**TASK BRIEF**. Drop every picture, then repeat the records exactly.

[Opening RECORDS FOR THE EXERCISE section]

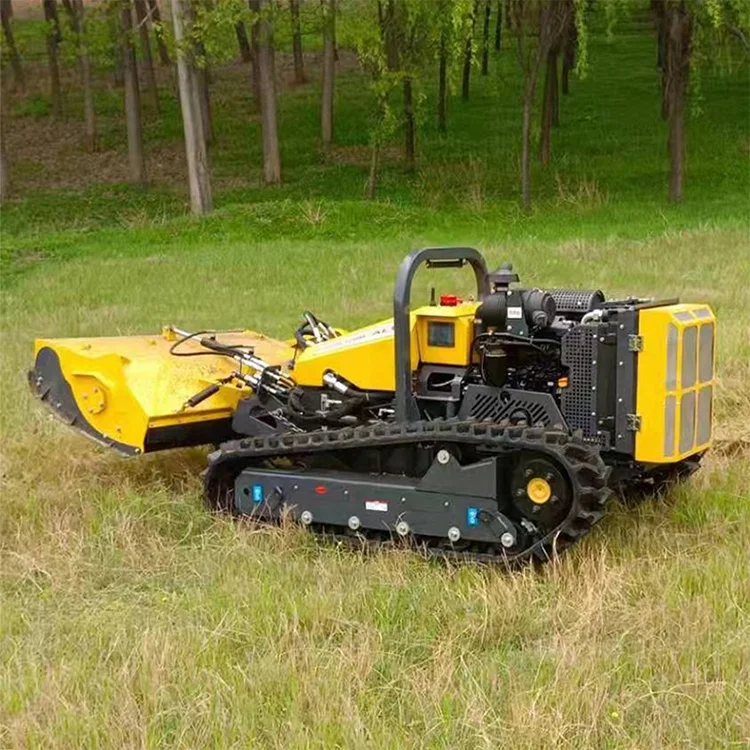 Multifunction individual adjustable mower carrier machine remote controlled mowers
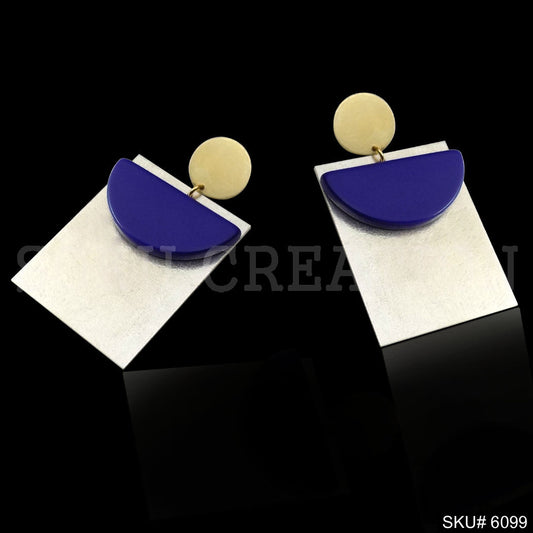 Gold and Silver plated Designer Unique Drop and Dangle Earring SKU6099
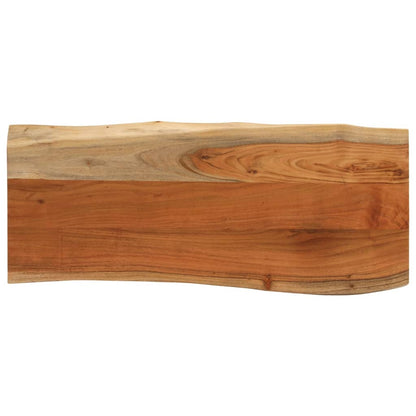 Table Top 80x40x3.8 cm Rectangular Solid Wood Acacia Live Edge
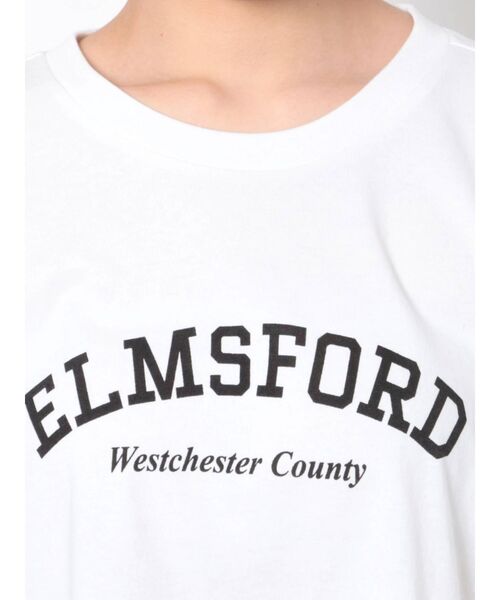 EMODA（エモダ）の「ヴィンテージクロップTシャツ（Tシャツ/カットソー・レディース・ブラック/ホワイト/グレー・FREE）」の15枚目の写真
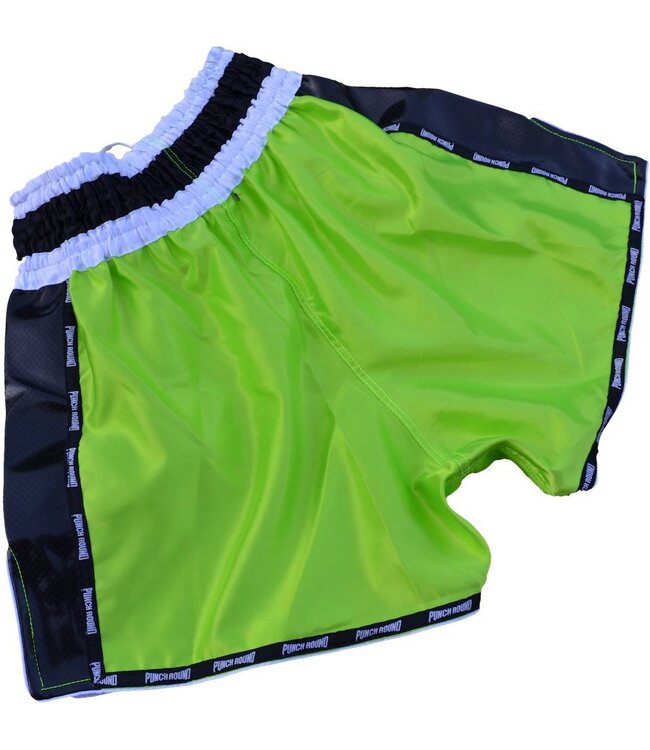 Punch Round™ Muay Thai Shorts Neo Grün Kickboxing Shorts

[Closing RECORDS FOR THE EXERCISE section]

**RESPONSE TO THIS TASK**.
 Multifunction individual adjustable mower carrier machine remote controlled mowers
 Gold and Silver plated Designer Unique Drop and Dangle Earring SKU6099
 Table Top 80x40x3.8 cm Rectangular Solid Wood Acacia Live Edge
 EMODA（エモダ）の「ヴィンテージクロップTシャツ（Tシャツ/カットソー・レディース・ブラック/ホワイト/グレー・FREE）」の15枚目の写真
 Punch Round™ Muay Thai Shorts Neo Grün Kickboxing Shorts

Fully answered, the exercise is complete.